Ketika anak panah Sri
Rama mengenai jantungnya dan dia sadar akan mati, Kumbhakarna memilih
menjatuhkan diri kearah prajurit Rama dan ratusan pasukan kera mati tertindih
tubuhnya. Ego pribadi Kumbhakarna sudah sirna, “Aku mengikuti perintah hati
nuraniku untuk melawan mereka yang menyerang negaraku. Dunia ini hanya bersifat
sementara, hanya Dia yang bersemayam dalam diriku dan di luar diriku yang
abadi. Aku hanya menuruti kehendak-Nya, walau akan berakhir dengan kematian”.
Tiba-tiba suasana
menjadi hening, nampak sinar keemasan keluar dari jasad Kumbhakarna menuju ke
arah Sri Ramadan bergabung dengan tubuh Sri Rama. Kumbhakarna mencapai status
tertinggi bersatu dengan Ilahi tanpa
melakukan sadhana (upaya spiritual), japa (pembacaan mantra) atau tapa
(pengendalian pancaindera dan pikiran).
Kumbhakarna
dalam Srimad Bhagavatam
Dua penjaga Raksasa
Dwarapala dalam Gunungan Wayang Kulit, juga dua sosok arca di depan gerbang
istana atau kantor instansi adalah dua raksasa penjaga istana Vishnu yang
bernama Jaya dan Wijaya yang juga diabadikan sebagai nama pegunungan di Papua
sebagai pintu gerbang Indonesia bagian Timur oleh Bung Karno.

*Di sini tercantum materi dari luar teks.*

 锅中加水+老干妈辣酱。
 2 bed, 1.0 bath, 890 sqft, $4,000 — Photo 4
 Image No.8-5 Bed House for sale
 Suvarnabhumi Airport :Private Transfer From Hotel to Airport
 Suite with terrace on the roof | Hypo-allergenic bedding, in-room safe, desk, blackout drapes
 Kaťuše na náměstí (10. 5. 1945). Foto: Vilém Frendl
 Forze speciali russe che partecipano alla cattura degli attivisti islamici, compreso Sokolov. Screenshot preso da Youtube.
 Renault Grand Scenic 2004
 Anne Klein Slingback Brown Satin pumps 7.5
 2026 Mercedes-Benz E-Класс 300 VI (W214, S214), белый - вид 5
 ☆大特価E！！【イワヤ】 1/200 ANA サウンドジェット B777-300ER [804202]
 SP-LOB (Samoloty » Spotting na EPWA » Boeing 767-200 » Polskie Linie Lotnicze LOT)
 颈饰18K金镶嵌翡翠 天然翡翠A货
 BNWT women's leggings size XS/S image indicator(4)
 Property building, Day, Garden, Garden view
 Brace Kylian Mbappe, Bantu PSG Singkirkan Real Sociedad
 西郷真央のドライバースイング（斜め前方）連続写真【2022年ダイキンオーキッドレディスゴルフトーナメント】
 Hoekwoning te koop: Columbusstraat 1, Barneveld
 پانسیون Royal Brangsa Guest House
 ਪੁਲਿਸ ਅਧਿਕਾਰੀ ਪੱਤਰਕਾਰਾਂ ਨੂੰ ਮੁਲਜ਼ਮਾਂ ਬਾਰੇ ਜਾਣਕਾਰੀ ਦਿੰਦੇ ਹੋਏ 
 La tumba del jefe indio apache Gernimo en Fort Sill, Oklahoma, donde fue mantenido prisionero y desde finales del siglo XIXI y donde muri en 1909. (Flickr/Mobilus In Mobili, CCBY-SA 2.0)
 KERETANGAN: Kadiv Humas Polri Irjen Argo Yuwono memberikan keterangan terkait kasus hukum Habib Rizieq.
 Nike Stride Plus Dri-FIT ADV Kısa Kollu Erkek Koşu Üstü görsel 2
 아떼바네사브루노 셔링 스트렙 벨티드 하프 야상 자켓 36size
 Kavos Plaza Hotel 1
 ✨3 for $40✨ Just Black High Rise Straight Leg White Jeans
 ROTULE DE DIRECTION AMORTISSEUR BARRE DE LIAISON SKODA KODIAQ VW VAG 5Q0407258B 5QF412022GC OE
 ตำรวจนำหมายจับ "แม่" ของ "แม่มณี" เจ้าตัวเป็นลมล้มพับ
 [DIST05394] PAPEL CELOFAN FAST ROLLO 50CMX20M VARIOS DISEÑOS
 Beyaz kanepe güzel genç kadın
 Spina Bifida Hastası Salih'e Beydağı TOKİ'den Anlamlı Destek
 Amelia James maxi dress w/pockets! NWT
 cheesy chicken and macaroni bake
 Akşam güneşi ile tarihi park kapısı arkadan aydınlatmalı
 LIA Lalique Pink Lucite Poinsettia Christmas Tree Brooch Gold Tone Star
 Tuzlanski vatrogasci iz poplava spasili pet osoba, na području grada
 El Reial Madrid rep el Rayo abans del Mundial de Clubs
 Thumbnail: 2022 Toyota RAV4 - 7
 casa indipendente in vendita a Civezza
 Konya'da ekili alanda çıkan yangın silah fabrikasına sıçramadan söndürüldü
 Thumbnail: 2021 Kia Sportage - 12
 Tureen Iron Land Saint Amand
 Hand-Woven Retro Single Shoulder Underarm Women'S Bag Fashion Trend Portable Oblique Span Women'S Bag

Dikisahkan Vishnu
ingin suasana tak terganggu saat berdua dengan istrinya Lakshmi. Jaya dan
Wijaya diinstruksikan untuk tidak mengizinkan semua pengunjung masuk. Empat
tamu dipimpin Resi Sanaka telah mempunyai janji untuk bertemu dengan Vishnu,
akan tetapi Jaya dan Wijaya menolak mereka masuk ke dalam istana. Resi Sanaka
marah dan memberi kutukan bahwa ke dua raksasa penjaga tersebut akan turun di
dunia dan lahir dua belas kali sebagai musuh Vishnu, majikan yang diagungkan
mereka.
Sesaat setelah
selesainya kejadian tersebut, Vishnu datang mohon maaf kepada Resi Sanaka putra
Brahma dan mengatakan kepada Jaya dan Wijaya bahwa mereka berdua cukup lahir
tiga kali sebagai musuh Vishnu dan akan kembali lagi bersama Vishnu. Jaya dan
Wijaya pertama kali lahir pada zaman Satya Yuga sebagai Hiranyaksha yang
dibunuh Vishnu sebagai Varaha Avatara, dan Hiranyakashipu yang dibunuh oleh
Vishnu yang berwujud sebagai Narasimha Avatara.
Jaya dan Wijaya kemudian mengambil kelahiran kedua pada zaman Treta Yuga
sebagai Rahwana dan Kumbhakarna, yang terbunuh oleh Vishnu sebagai Sri Rama Avatara.
Di masa Dwapara Yuga, Jaya dan Wijaya lahir sebagai Shishupala dan Dantavakra
dan dibunuh oleh Vishnu sebagai Sri Krishna Avatara.